PROBLEM TO WORK ON -> Nothing but the lines below from the one with "Postcard TN: Ye" through the one with "ALLSAINTS (RARE) Sarana" should be output, each exactly as given, and no pictures.

SUPPLIED INFORMATION ->

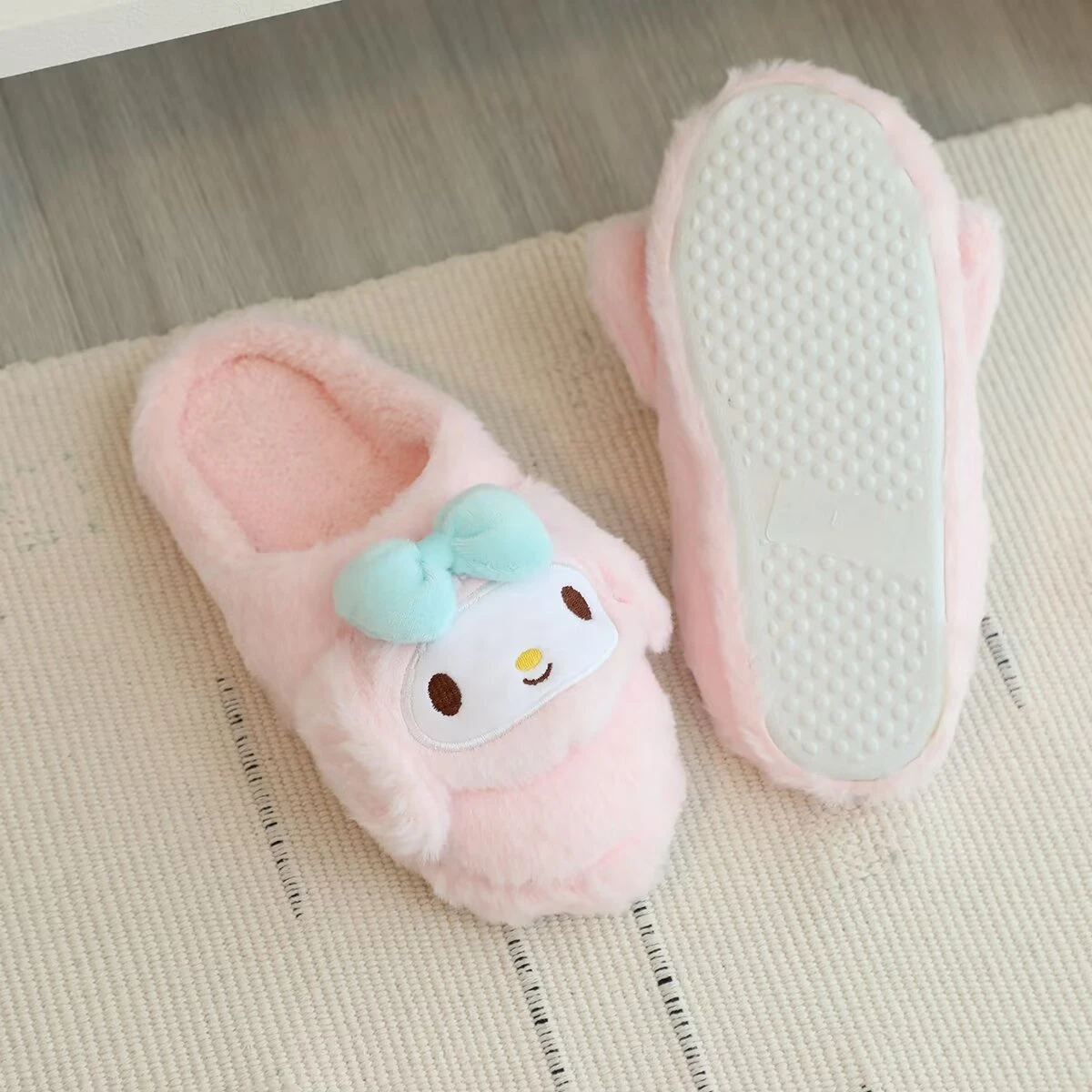 Lovely Pochacco Kuromi Indoor Cotton Shoes My Melody Cinnamoroll Warm Slippers Cartoon Japanese Style Slippers Flat Non-slip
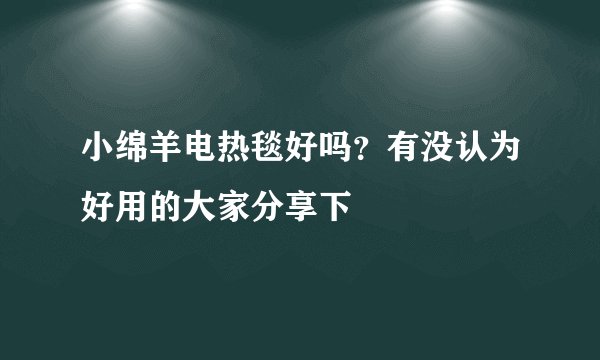 小绵羊电热毯好吗?有没认为好用的大家分享下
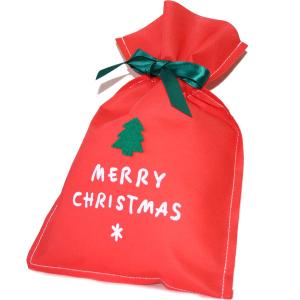 プレゼント用 クリスマス不織布バッグ 赤 Lサイズ（410×700mm）｜yumegazai
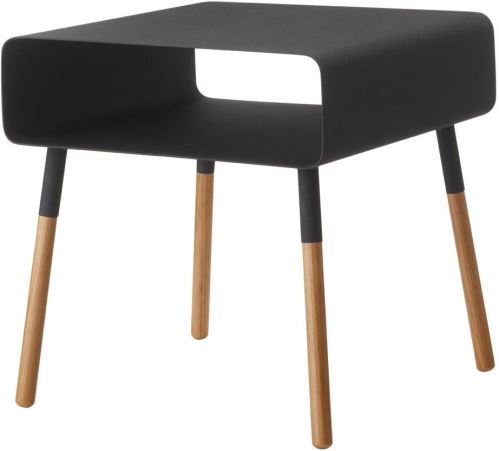 YAMAZAKI Odkládací stolek s poličkou Plain 4230, kov/dřevo, černý
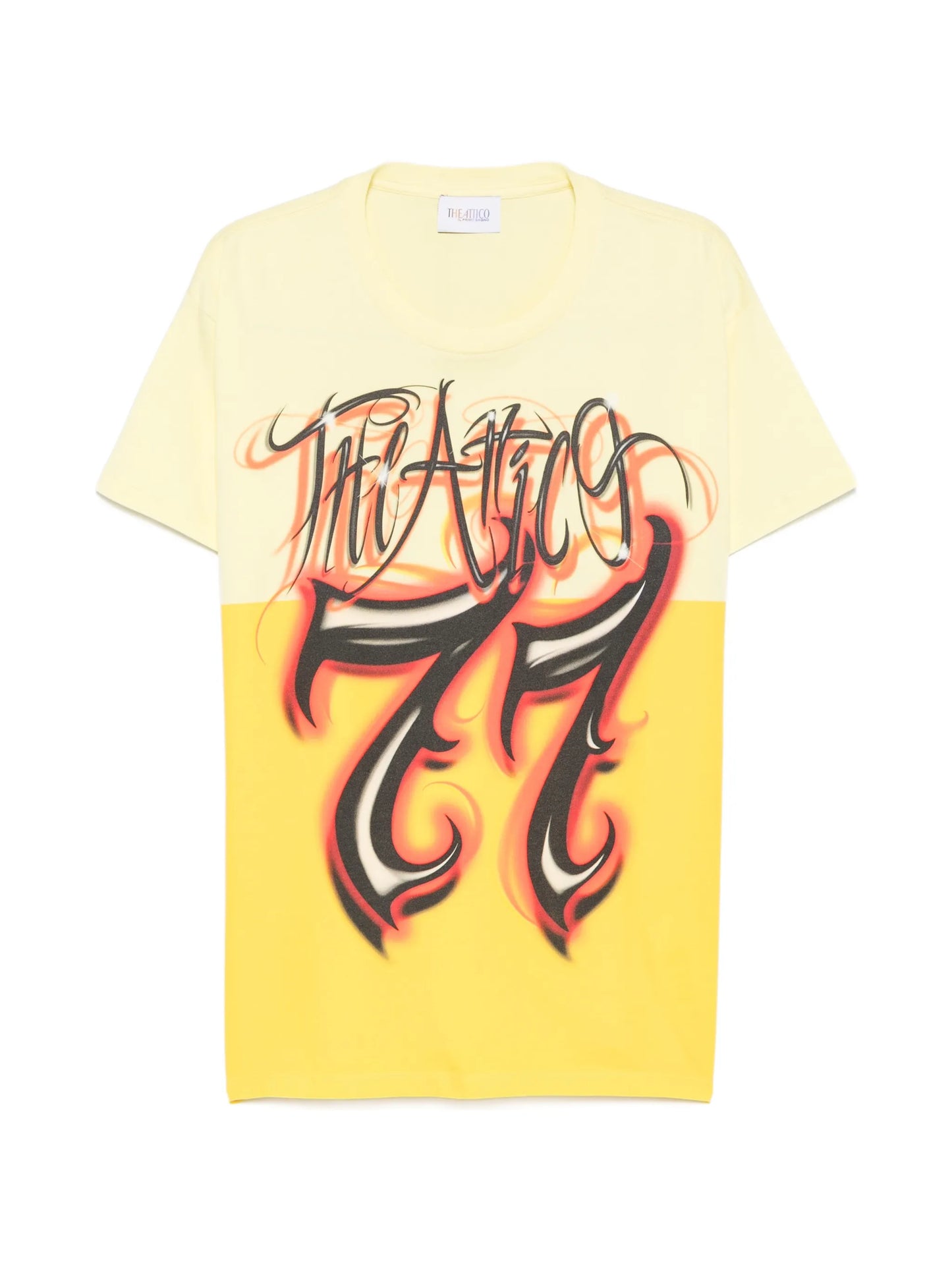 logo-print panelled T-shirt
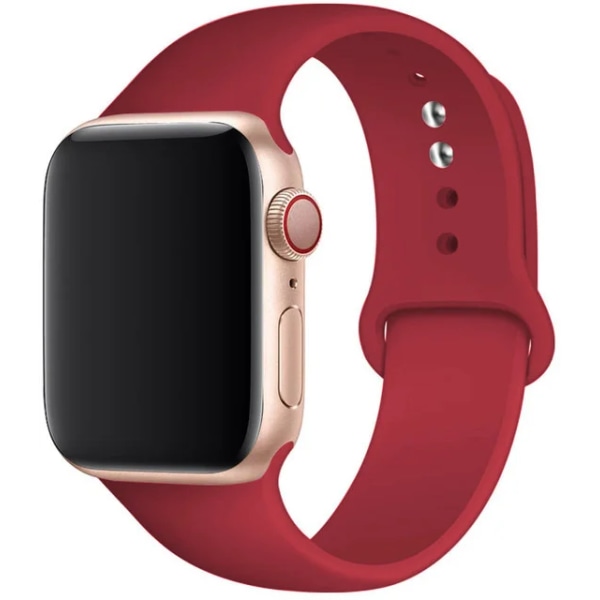 Silikonrem för Apple Watch Band 45mm 44mm 42mm 49mm 41mm 40mm 38mm correa armband iwatch Series 8 7 9 SE 4 3 5 Ultra 6 Rose Red 42 44 45 49 mm M-L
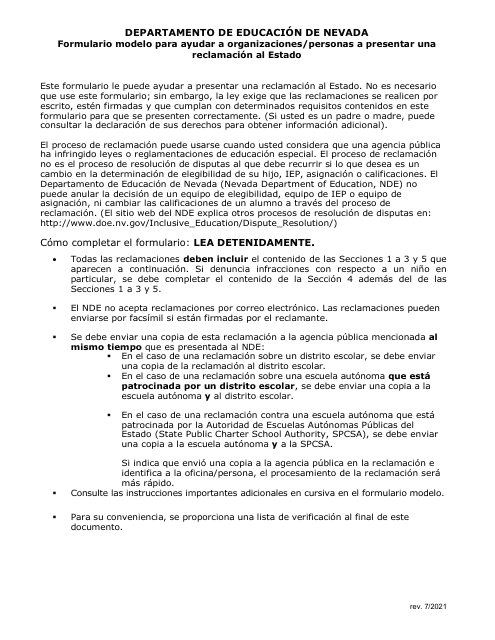 Formulario Modelo Para Ayudar a Organizaciones/Personas a Presentar Una Reclamacion Al Estado - Nevada (Spanish)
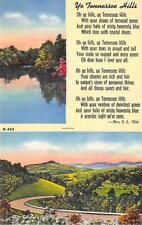 Postcard TN: Ye Tennessee Hills, Poem, Mrs. SL Pitt, Vintage Linen, Unposted picture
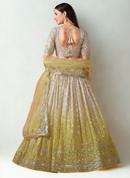 Ready-to-wear Lime Green Ombré Premium Georgette Lehenga with Sequin Work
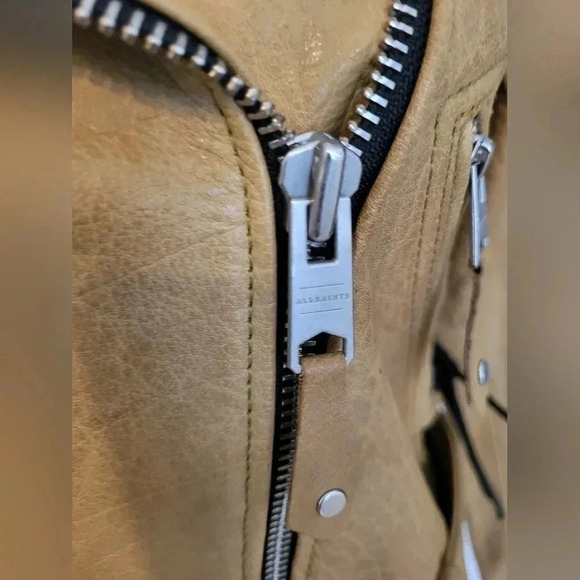 ALLSAINTS (RARE) Sarana Lace Up Moto Zip BuckleBrown Biker Leather Jacket(4) - Picture 11 of 14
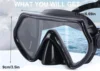 Adult  Free Diving Mask Single Lens with Tempered Glass Lenses,HD Wide View, Antifog Spray,Black,Camouflage 6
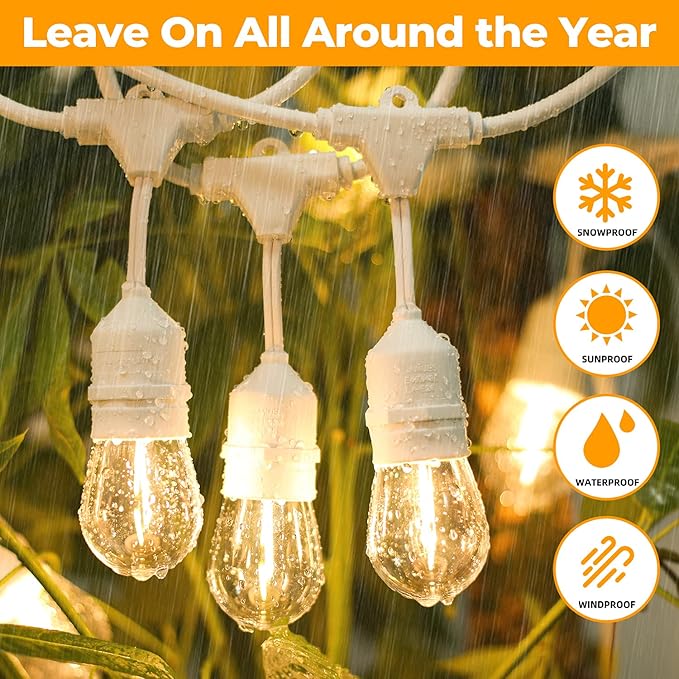 96FT(48×2) Outdoor String Lights, Commercial Grade Heavy Duty White Wire Pati...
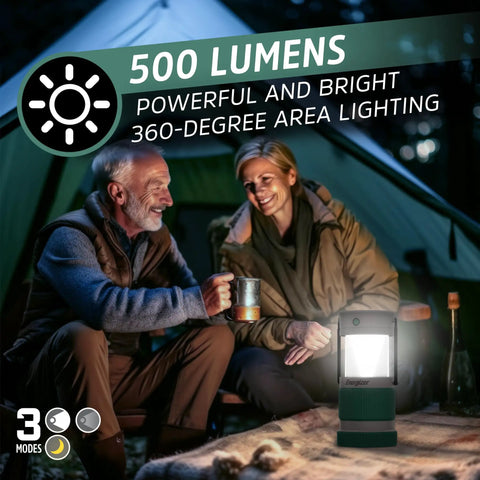 Couple camping with Hybrid Solar Lantern Go To Camping Buddy With USB Or AA Battery Power Rechargeable Lithium Ion Battery Charges Via Solar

SOLUTION TO THIS TASK ->
 Postcard TN: Ye Tennessee Hills, Poem, Mrs. SL Pitt, Vintage Linen, Unposted picture
 Ready-to-wear Lime Green Ombré Premium Georgette Lehenga with Sequin Work
 ALLSAINTS (RARE) Sarana Lace Up Moto Zip BuckleBrown Biker Leather Jacket(4) - Picture 11 of 14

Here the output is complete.